Puede que a Sam le pareciera desalmada por no llorar. Mis padres y él eran amigos. Solían hablar relajadamente de huertos y de caza mientras se bebían una cerveza casera en el porche.
En cambio, al levantar la vista, solo vi compasión en sus ojos. Él ya había dado ese tipo de noticia antes, y se me ocurrió que no se habría mostrado tan compasivo de haber sido yo la única destinataria insensible e incapaz de derramar una lágrima. Luego me pregunté por qué estaba pensando semejantes disparates en vez de sentir algo.
―Vas a tener que venir al hospital, Cassie. Lo siento. No hace falta que sea ahora mismo.
Me levanté enseguida porque no se me ocurría qué más podía hacer y salí por la puerta envuelta en el brazo de Adrian. He vuelto una vez, a esparcir las cenizas de mis padres por la tierra que amaron y en la que pensaban terminar sus días. No la he vuelto a ver desde entonces.

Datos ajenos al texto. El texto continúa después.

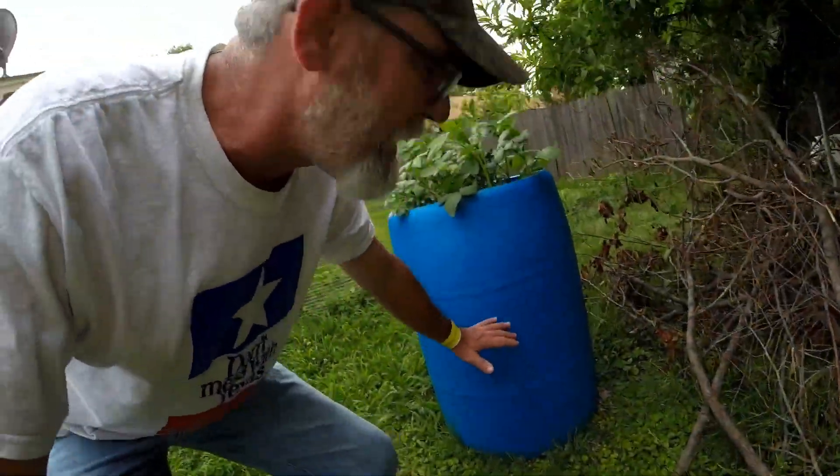Check mine out. They're awesome. Anybody can grow them. You can grow them on the porch of an apartment. You can. There's going to be 80 to 100 potatoes in here. It's so easy.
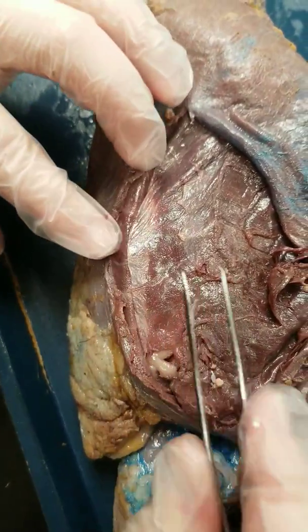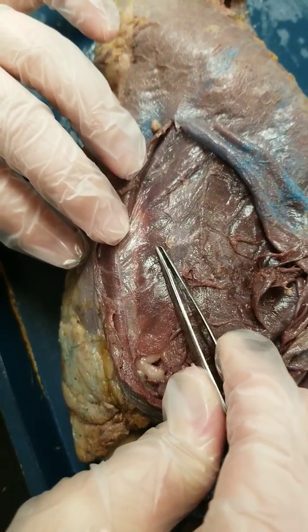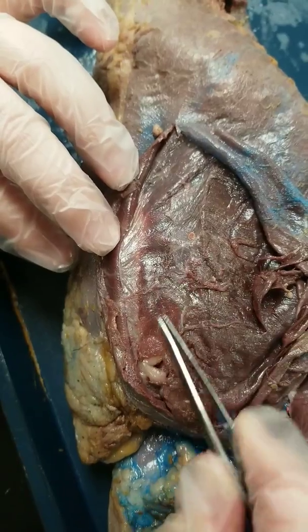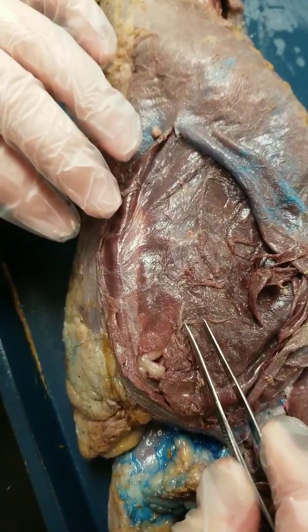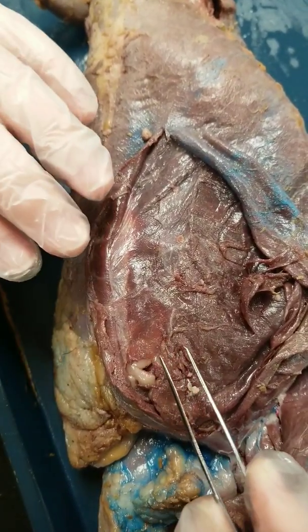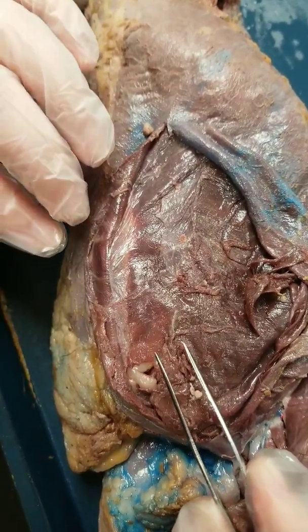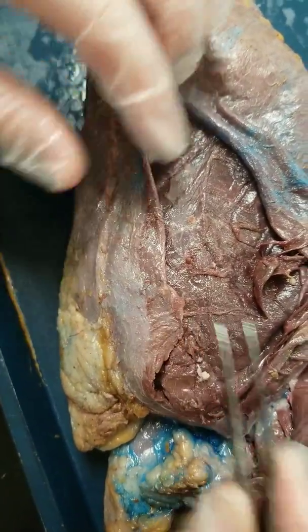The last muscle is the transverse abdominis muscle. You can see it flat against the abdomen, against the intestine. Leave it flat. If you try to peel that up, you'll end up seeing intestine and internal organs, and we're not ready to do that yet. So just leave the transverse flat against the abdomen.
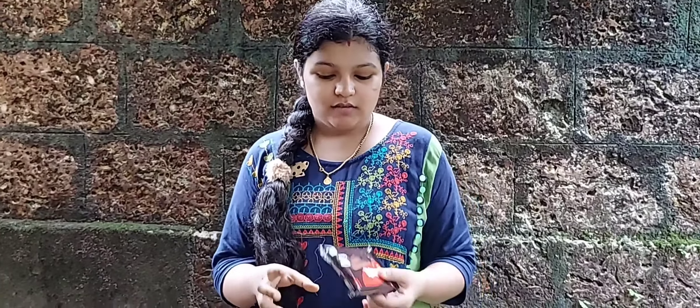Hi, hello and welcome back to my YouTube channel. Today I am going to make a milkshake.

La noticia suena atronadora por la sala de conferencias.
… que no cunda el pánico. Hay mucha información falsa en internet y es preferible consultar los datos sobre el bornavirus LX recogidos en la página web de los CDC, que sospecha que habrá unos miles de casos en la ciudad de Nueva York. Quienes tengan fiebre alta o dolor articular, o hayan estado en contacto con alguien al que crean infectado, deberán acudir al hospital más próximo para recibir tratamiento. Según los especialistas, la medicación antivírica debe administrarse de inmediato para que su efectividad sea óptima.
Miro a James con una ceja enarcada.
―La primera vez que lo oigo ―dice él.
No dejen de sintonizar New York One para mantenerse informados sobre el bornavirus LX. Dentro de una hora les ofreceremos las declaraciones en directo de la Consejería de Sanidad.
Nelly se vuelve hacia nosotros.
―¿Veis? Unos miles de casos, no es para tanto. Esquivamos a los chiflados y nos tomamos unas copas.
―Igual no deberíamos salir ―propongo, presa de un mal presentimiento―. Aunque no sea ni mucho menos tan grave como dicen esas webs, seguro que es peor de lo que lo pintan las «autoridades». Podemos vernos en mi casa.
―¡No! ―exclama Nelly con una mueca de fastidio―. ¡No nos vamos a cargar el viernes por la noche!
Le doy un puñetazo.
―Gracias. No sabía que mi casa fuera casi como el infierno.
―Ya sabes a qué me refiero. ¿Y si vamos a Paddy’s? Así solo estamos a cuatro manzanas a pie de tu casa, en caso de que queramos largarnos. Que no va a pasar.
―Por mí, bien ―dice James―. No creo que la cosa esté tan mal como para que no podamos salir. Además, a Nel solo una explosión nuclear le impediría salir un viernes por la noche.
Nelly asiente enérgicamente.
―Vale, tú ganas ―digo―. Igual estoy siendo una boba.
Las noticias oficiales y las extraoficiales son demasiado dispares: la diferencia entre cincuenta mil y unos cuantos miles es enorme. Alguien se equivoca, o miente.